Sunday, September 02, 2007

Sermon 2nd September

Here is the sermon I gave this evening at evensong. I had quite a lot of trouble knowing what I'd say when I looked at the readings. For some reason, nothing much leapt out at me from these texts. Then I heard about this new book of Mother Theresa's letters, Come be my Light, which revealed some things about Mother Theresa's faith journey which have shocked many people. So this is what I said:

Ten years ago this week saw the death of a woman who set an amazing example to many by giving her life to devoted service. I’m not speaking of Diana who has received a lot of press but of a woman whose life of service was much longer. Mother Theresa of Calcutta died on 5th September 1997 and, following so soon after the wake of Diana’s tragic death, for someone so well-known, Mother Theresa passed away relatively unnoticed by the world much as those people she had served on the streets of Calcutta. Yet her life is still celebrated and recently a book of her letters has been published. However this woman whose life of faith was an amazing beacon to people is now shown to have had periods to deep and sincere doubts of her faith.
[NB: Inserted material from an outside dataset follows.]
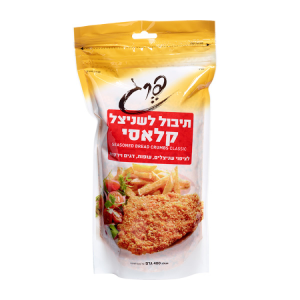 תיבול שניצל קלאסי-פרג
In her letters to various friends and spiritual guides, she wrote:

"Lord, my God, who am I that You should forsake me? The Child of your Love — and now become as the most hated one — the one — You have thrown away as unwanted — unloved. I call, I cling, I want — and there is no One to answer — no One on Whom I can cling — no, No One. — Alone ... Where is my Faith — even deep down right in there is nothing, but emptiness & darkness — My God — how painful is this unknown pain — I have no Faith — I dare not utter the words & thoughts that crowd in my heart — & make me suffer untold agony."


This to me sounds so much like something one of the psalmists would say. Indeed in today’s psalm we heard:
"My soul hath longed for thy salvation: and I have a good hope because of thy word.
Mine eyes long sore for thy word: saying, O when wilt thou comfort me?"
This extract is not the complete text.